しかしポーランドでは、800万人分の水質管理を任されている貝がいることを知っていますか?

このシステムが今、シュールな見た目とともに海外で話題になっているようです。

目次
水が汚染されると身を守る習性を利用
なぜ貝なのか?

水が汚染されると身を守る習性を利用

一般的な淡水の二枚貝は通常、上下の貝殻の間を僅かに(2~3mm)開けていますが、水が化学物質や重金属などによって汚染されると、貝殻の隙間をギュッと閉じて身を守る習性があります。

今回のシステムは、この貝の習性を利用したものです。

首都ワルシャワに水を供給するメインポンプには、8匹の淡水生の二枚貝(イシガイ類)がセンサーと共に貼り付けられています。

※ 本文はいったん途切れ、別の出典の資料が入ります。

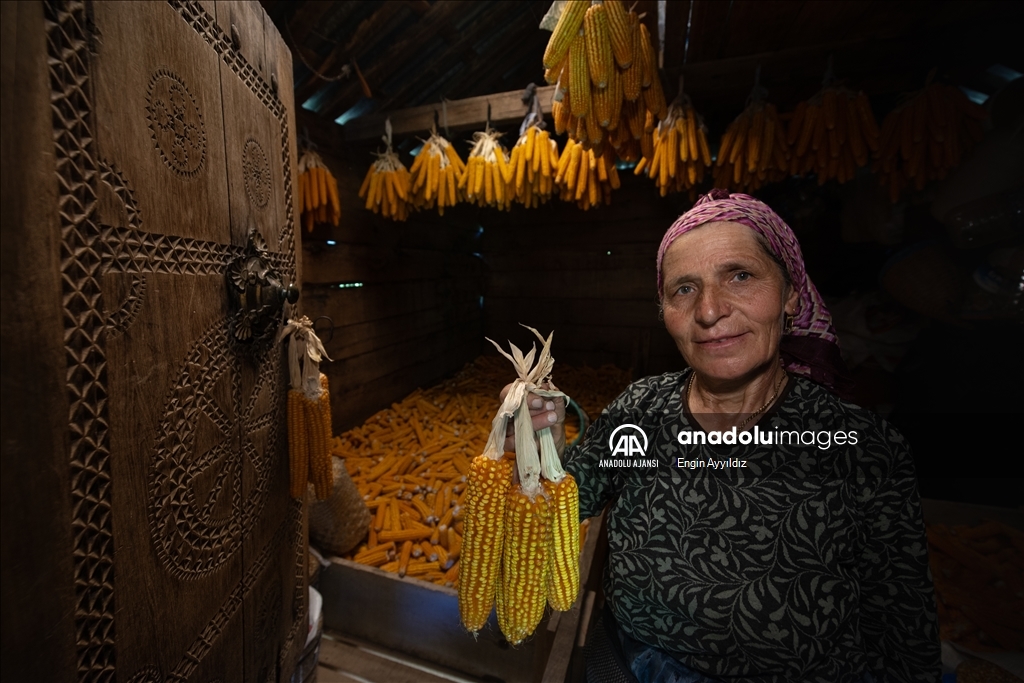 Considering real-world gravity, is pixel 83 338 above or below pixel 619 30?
below

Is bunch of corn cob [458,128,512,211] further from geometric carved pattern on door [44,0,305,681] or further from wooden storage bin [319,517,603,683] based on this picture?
wooden storage bin [319,517,603,683]

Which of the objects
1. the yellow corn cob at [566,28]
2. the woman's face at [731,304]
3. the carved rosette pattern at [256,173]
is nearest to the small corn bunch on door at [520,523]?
the woman's face at [731,304]

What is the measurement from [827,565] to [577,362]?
15.5 feet

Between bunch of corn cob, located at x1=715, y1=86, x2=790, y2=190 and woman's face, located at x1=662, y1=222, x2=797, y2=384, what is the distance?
2.06 meters

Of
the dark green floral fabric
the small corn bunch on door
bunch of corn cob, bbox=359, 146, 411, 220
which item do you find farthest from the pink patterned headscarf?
bunch of corn cob, bbox=359, 146, 411, 220

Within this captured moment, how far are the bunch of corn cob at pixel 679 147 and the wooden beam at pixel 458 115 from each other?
1.05 m

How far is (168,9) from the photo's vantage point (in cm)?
97

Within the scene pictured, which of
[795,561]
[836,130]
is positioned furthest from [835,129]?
[795,561]

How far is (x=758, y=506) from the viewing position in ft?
3.80

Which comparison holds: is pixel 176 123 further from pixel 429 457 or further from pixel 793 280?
pixel 429 457

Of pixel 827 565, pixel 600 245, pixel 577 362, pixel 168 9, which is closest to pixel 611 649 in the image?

貝に取り付けられたセンサーはメインポンプの制御システムと直接つながっており、貝が水を有毒だと判断して貝殻を閉じると、都市への給水が自動的に止まるというわけです。

しかし、なぜポーランド当局は、よりによって貝を選んだのでしょうか?

なぜ貝なのか?

ポーランドの「水質検査をする貝」は800万人の生活水を支えている
(画像=貝たちはメインポンプの水質を監視し続けている/Credit:gpw、『ナゾロジー』より引用)

ポーランド人が水質検査に貝を使おうとしたのは、もちろん単なる思いつきではありません。

貝(イシガイ類)はエサを水中からこし取る過程で、1時間に1.5リットルもの水をろ過する能力があるのです。

また上の飼育写真からもわかるように、水質検査に使われている貝は非常に綺麗な水に生息している種で、人間よりもはるかに有害物質に敏感です。

まさに貝は24時間、高精度で有害物質を探知する究極のバイオモニターだったのです。

ポーランドの「水質検査をする貝」は800万人の生活水を支えている
(画像=センサーが取り付けられる様子/Credit:vimeo.Fat_Kathy_trailer、『ナゾロジー』より引用)

なお、使用された貝は3カ月たつと、マーキングを施されて元々棲んでいた湖に返されます。

マーキングをするのは、科学者が誤って同じ貝を再び拾わないようにするためです。

イシガイ類は、最大で50年という長い寿命を持ち、繰り返しの使用は彼らの寿命を縮める可能性があるからです。